▸ Work to be completed
The whole listing, exactly as given: write it out, leaving out each image.

▸ Input data

* * * * * * *

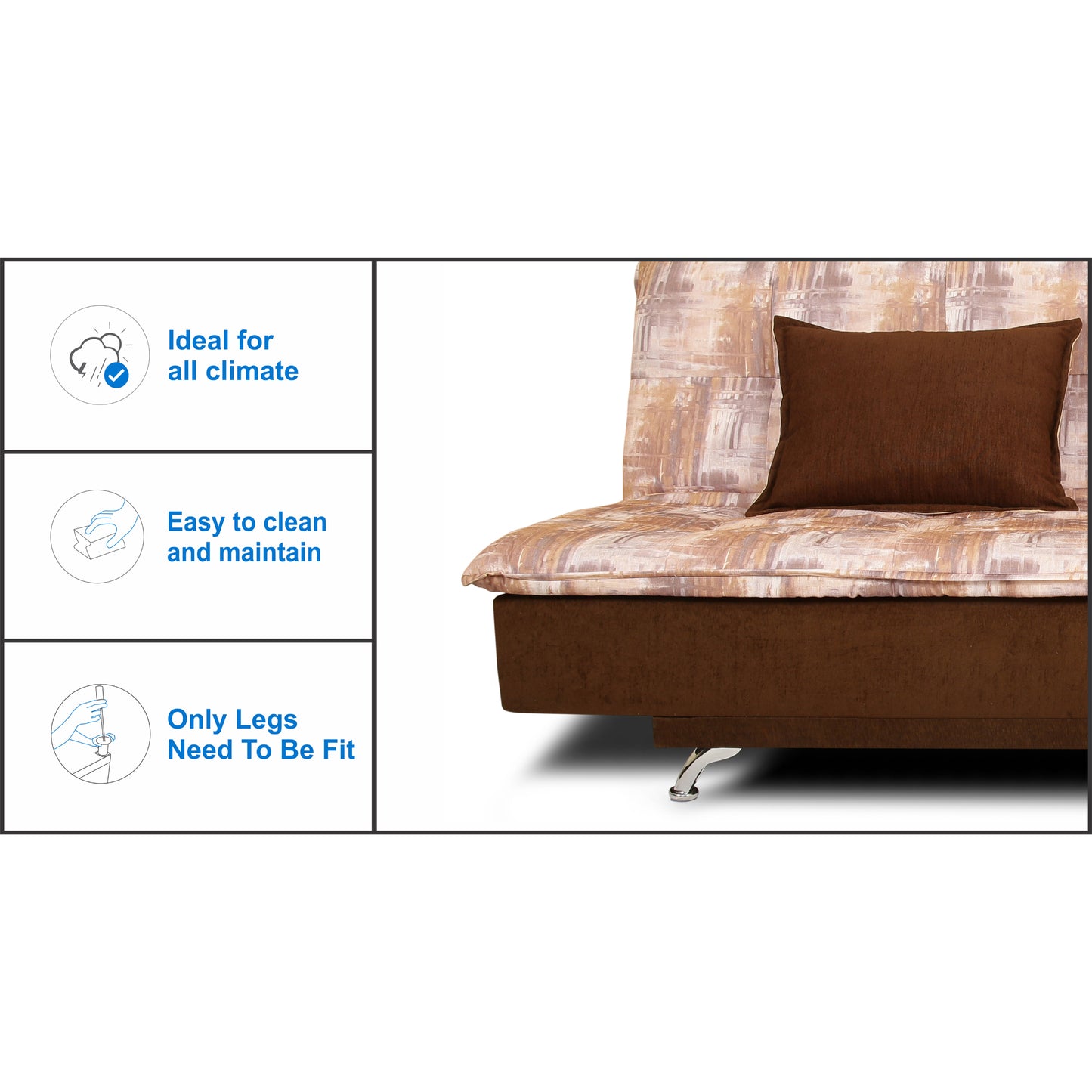 Adorn India Alenza 3 Seater Sofa Cum Bed Digitel Print (Brown & Beige)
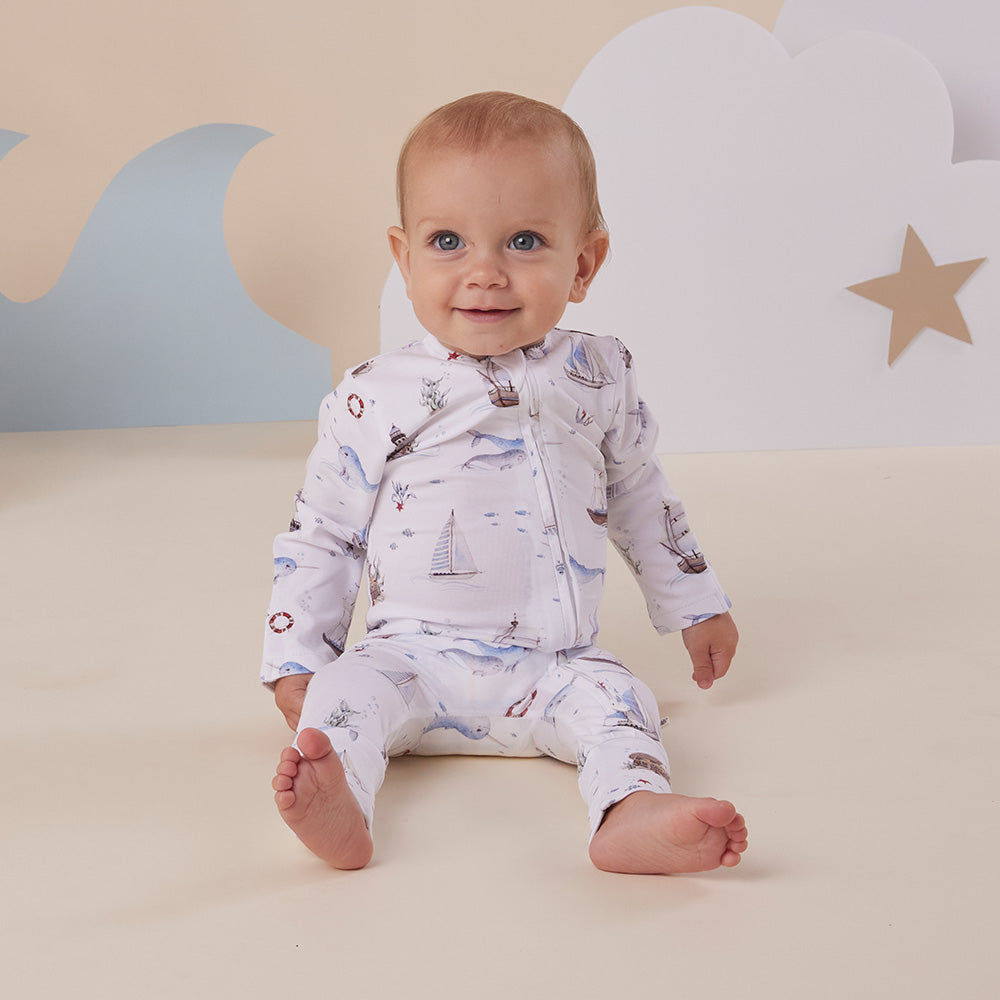 Set Sail Organic Snugglesuit Convertible Romper - View 9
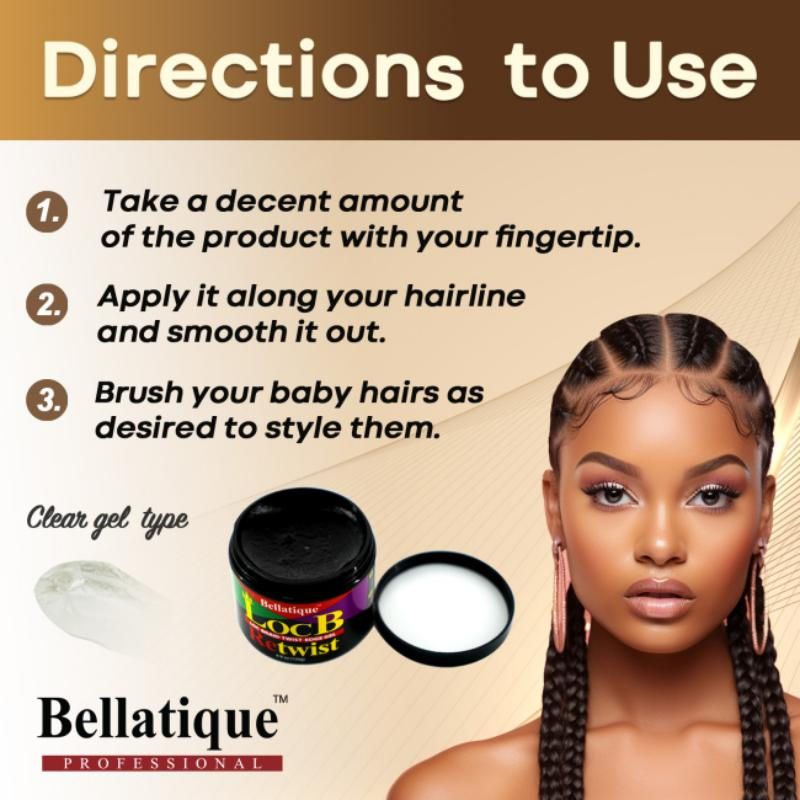 Thumbnail: BELLATIQUE LOC B RETWIST LOC BRAID TWIST EDGE GEL  MAXIMUM HOLD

* * * * * * *

▸ Task output
 Adorn India Alenza 3 Seater Sofa Cum Bed Digitel Print (Brown & Beige)
 Set Sail Organic Snugglesuit Convertible Romper - View 9
 Thumbnail: BELLATIQUE LOC B RETWIST LOC BRAID TWIST EDGE GEL  MAXIMUM HOLD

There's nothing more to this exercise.